Google Search Console To Show Eventful Results Errors For Missing Locations

The Google Search Console rich results report can now show you more warnings for event structured data markup if the event is missing a slot. The research firm posted this update here, stating “Google will begin enforcing location requirements for events.”

The opinion. Here is what Google published:

Google will start enforcing location requirements for events. For events marked as virtual only (eventAttendanceMode = OnlineEventAttendanceMode), provided that any physical location triggers a Warning. For any event with a physical address, the address must be of type Location, not PostalAddress, or it will be a error. As a result, you may see an increase in errors and warnings in event items on your site.

Location is important. Google makes it clear that it wants you to fill in the event location so that it can display these events correctly in search results. If the event is virtual, you can set the location of the event to be online with the reference “eventAttendanceMode = OnlineEventAttendanceMode”. If this is an in-person event, you must add the physical address.

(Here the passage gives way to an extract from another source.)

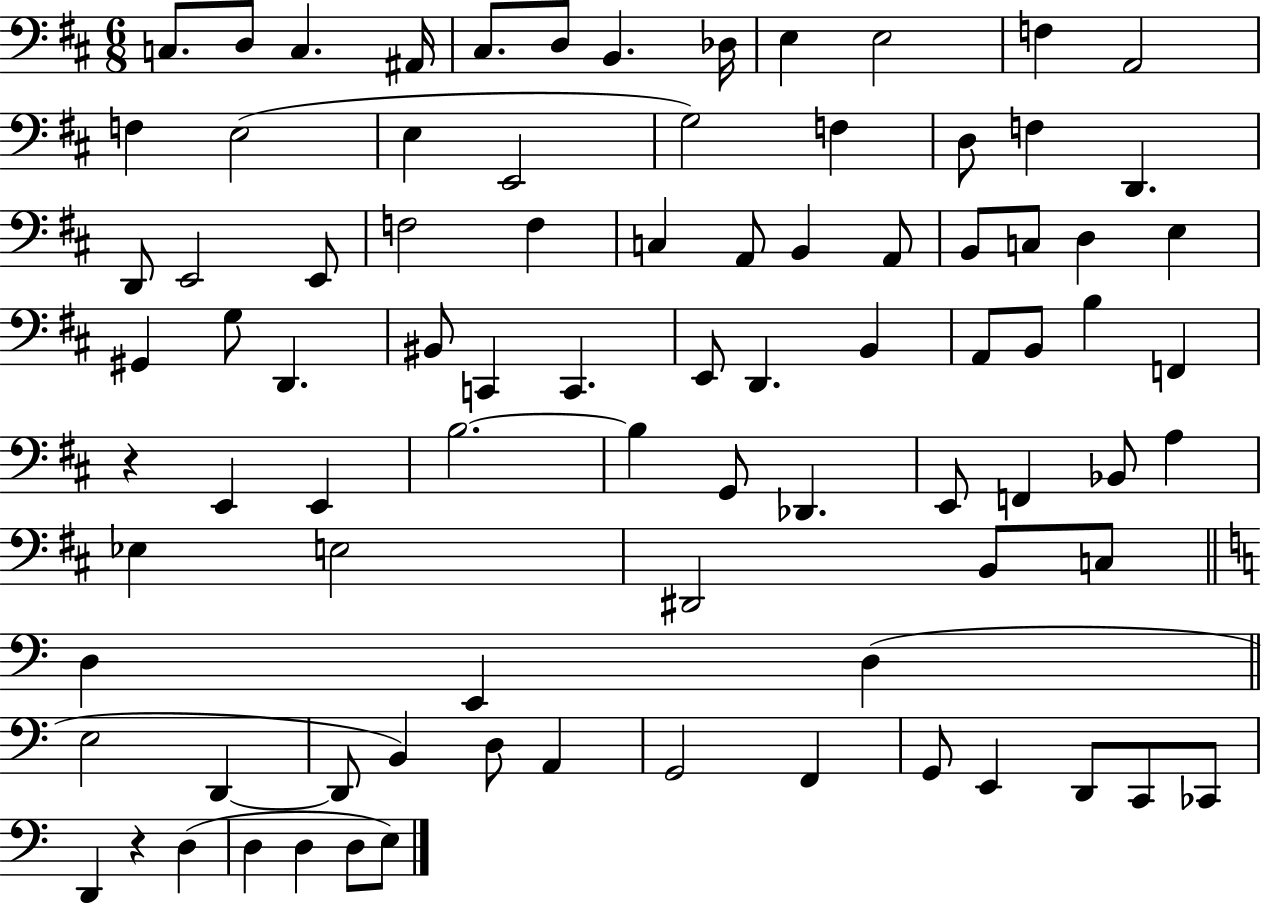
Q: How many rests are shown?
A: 2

What is eventful results. Event-rich results occur when Google Search uses your structured data on your event pages and displays richer search result snippets in its search results. Google said this can provide a more interactive result by displaying your logo, event description, as well as increased chances of discovery and conversion by improving click-through rates.

Here’s what those results might look like:

Why we care. If you use an event schema on your pages, you may soon notice a spike in the warnings displayed in the Rich Results report in Google Search Console. All you need to do is add the location data to your schema and validate the error in Search Console.

You can learn more about fixing these errors in Search Console or here.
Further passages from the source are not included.